Tickets to a "hit rock musical" are being discounted for women to reflect the gender pay gap in society.

That Bloody Woman, which is running in Wellington from September 13 to 16, is selling tickets 9.4 per cent cheaper to people who identify as female. This is in line with Statistics NZ who published the gap for the June 2017 quarter.

Tickets range from $39.90 to $59.90 for the play about Kate Sheppard's campaign for women's suffrage. But with the discount this goes down to $36.10-$54.30.

Women can get a 9.4 per cent discount on tickets for That Bloody Woman. Photo / Michael Smith
Women can get a 9.4 per cent discount on tickets for That Bloody Woman. Photo / Michael Smith

The show's press release stated they were making an offer that reflected New Zealand society.


"Tour-Makers are delighted to announce a new offer in ticketing for the show - 9.4 per cent cheaper tickets for all those who identify as women, to reflect the gender pay gap.

"Kate Sheppard didn't fight to win women the right to vote so that well over a hundred years later we'd still be fighting for equality. A gender pay gap of 9.4 per cent is an improvement but it's not enough."

Performing Arts Network of NZ marketing manager Stephanie Richardson came up with the idea to promote the show to play with the idea of equality.

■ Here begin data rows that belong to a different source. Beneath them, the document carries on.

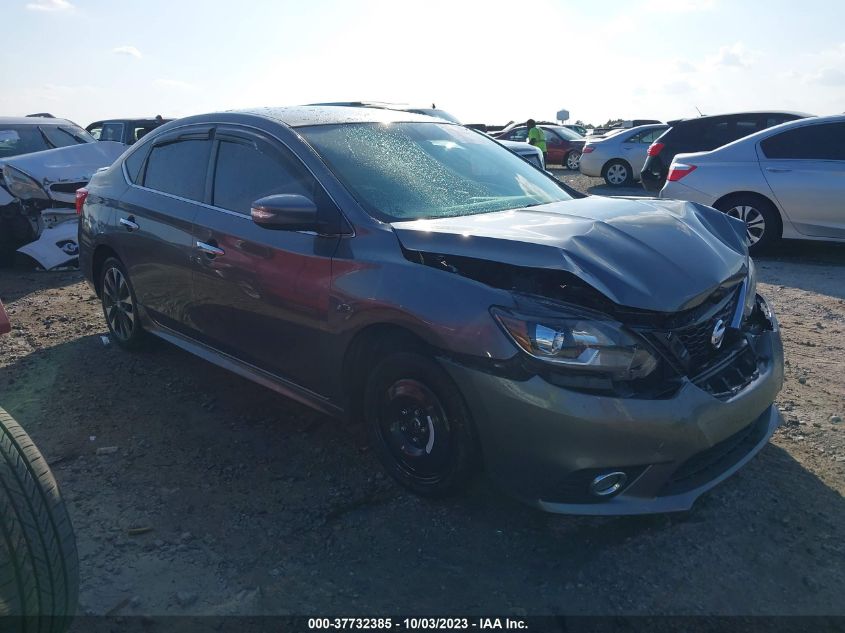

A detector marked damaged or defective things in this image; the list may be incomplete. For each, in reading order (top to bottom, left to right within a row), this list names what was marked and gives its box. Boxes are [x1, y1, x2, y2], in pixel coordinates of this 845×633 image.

broken headlight [3, 165, 49, 200]
damaged vehicle [0, 116, 124, 266]
damaged gray sedan [0, 116, 124, 266]
crumpled hood [0, 142, 125, 204]
damaged vehicle [79, 107, 784, 512]
damaged gray sedan [79, 107, 784, 512]
crumpled hood [392, 196, 748, 312]
broken headlight [488, 308, 660, 380]
front bumper damage [442, 294, 784, 512]
broken headlight [744, 256, 760, 318]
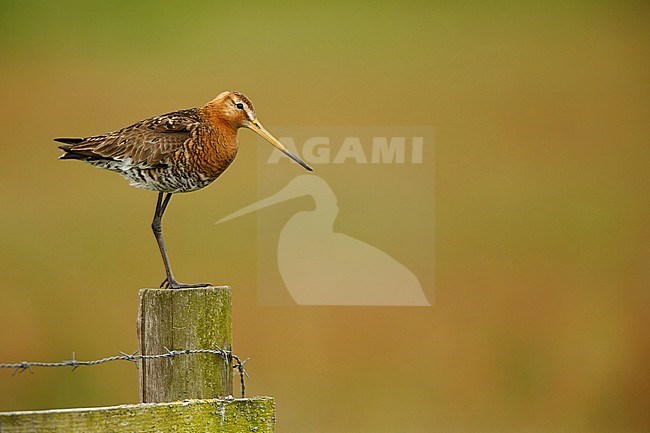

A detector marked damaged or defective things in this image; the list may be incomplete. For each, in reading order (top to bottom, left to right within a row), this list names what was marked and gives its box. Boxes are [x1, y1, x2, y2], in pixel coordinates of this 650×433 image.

rusty barbed wire barb [0, 350, 248, 396]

However she wanted to stress that the discount was open to anyone who used the promocode rockthevote and was more about the meaning than exclusively giving women a perk.

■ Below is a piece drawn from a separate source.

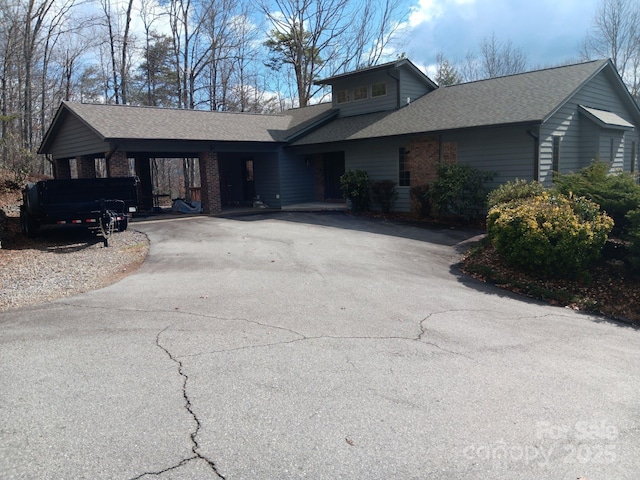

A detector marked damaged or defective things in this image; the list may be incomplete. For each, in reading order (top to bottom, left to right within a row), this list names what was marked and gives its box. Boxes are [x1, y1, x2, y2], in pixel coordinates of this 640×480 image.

cracked asphalt driveway [1, 214, 640, 480]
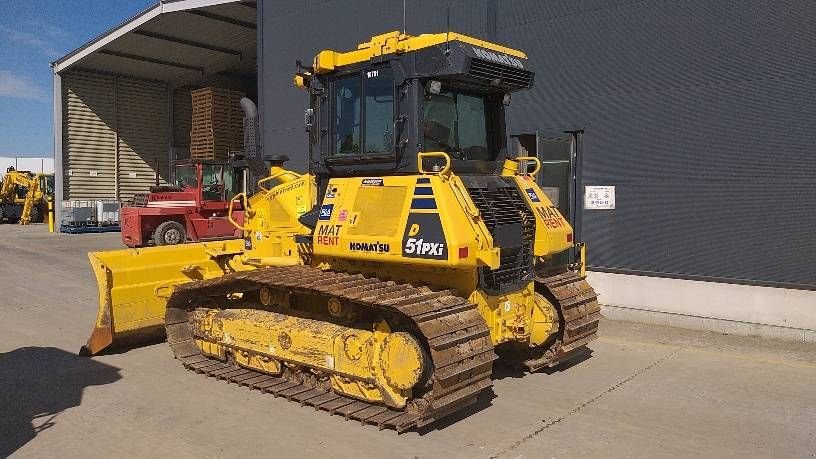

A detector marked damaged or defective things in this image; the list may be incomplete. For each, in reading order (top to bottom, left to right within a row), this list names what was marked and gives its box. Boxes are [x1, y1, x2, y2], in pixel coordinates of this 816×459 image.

pavement crack [490, 350, 684, 458]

"The offer reflects the fact there is a differentiation in pay for women in New Zealand, but the offer is actually available to anybody.

"Our intention is definitely, definitely not to exclude anybody. That's not the spirit of the show."

A Human Rights Commission spokeswoman said a ticket price drop for one gender could be considered unlawful under the Human Rights Act.

"We appreciate that for this particular event, which celebrates Kate Sheppard, there is an interest in using it to highlight the gender pay gap in New Zealand. Nevertheless, people may potentially have grounds to make a complaint to the Human Rights Commission if they feel they have been affected by the promotion."


The show was originally commissioned by the Christchurch Arts Festival and has been described as "a kick-ass punk rock musical full of infectious tunes that is unafraid to have fun, but just as unafraid to bring intelligence and insight to this powerful and important moment in history".